No. Not that kind of imaginary life. Really. I hardly ever think like that. What I am writing about is what I imagine my life could be if I weren't caught up in a web of responsibilities and consequences from my prior choices. Life with sufficient resources to live as I choose, without considering the needs and wants of others.
It is not a life of opulence. I don't value bling. I don't long for big houses and expensive cars. Indeed, I dream right now of being in the desert of Southern California, living in my van. Wandering around those communities, exploring and just living slow and simple and at a very low cost. Why there? The winter temperatures range from good to manageable. The restrictions on just camping free are minimal. Resources and great empty spaces are near enough to each other to make it work.
This life I imagine is actually do-able, if I did not have the previously mentioned responsibilities. I have the resources to make this life real. I just choose not to do so, in order to care for those to whom I am committed. The people I love. I prefer to meet my obligations, but my mind drifts away at times to that [imagined] desert and a life of simplicity and much quiet.
I do not regret my life. It is pretty much what I have worked to accomplish. Still, at times my mind drifts off and I imagine my quiet camp near Slab City or somewhere near the southern terminus of US Route 395. Imagine. It is probably better this way. I have an imaginary retreat to which my mind can go when I find the consequences of my choices less than ideal. A Happy Place. A Laughing Place.

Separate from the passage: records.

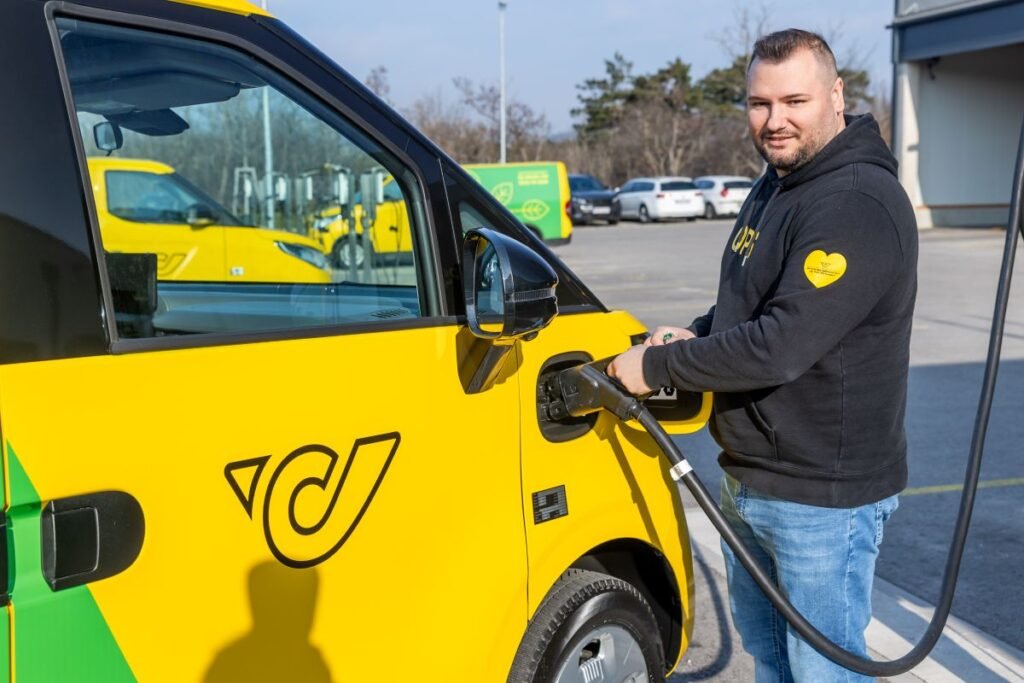 EVN și Netz Niederösterreich testează încărcarea bidirecțională și transformă flota electrică în potențial sistem mobil de stocare a energiei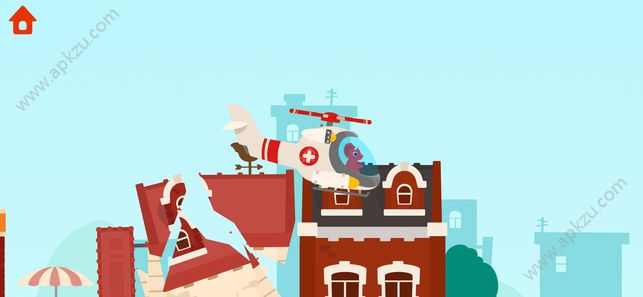 恐龙直升机金币安卓版  v1.0图3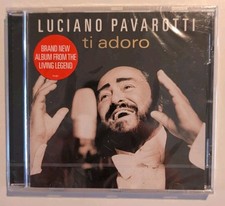Luciano Pavarotti Ti Adoro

These imaginings are more valuable to me because I could do them, if I were to choose a selfish course and abandon my responsibilities. Life as a wealthy vagabond yacht owner might have greater appeal, but it is not achievable for most of us. Certainly not for me. I have a used van and camping gear. I am only a decision away from the high-end hobo life.
Therein is the value. I daily choose to remain and share my days with those I love. I choose to keep this way of life. It is a real choosing. It is not a real choice to abandon the yacht. I can't have one. To abandon a viable option is a real choice. I choose this life, and am happy in the choosing.
Most of the time. The rest of the time, I can imagine.
I am currently 62 years old. At present I am a retired correctional officer with 20 years of service. (My real job these days is being a Grandpa.)
I am married to my long-suffering wife, Linda. I have three children; Matthew, Beth, and Jon. I currently have six grandchildren; Alexandra, Madelyn, Wyatt, Lucas, Abigail and Landon.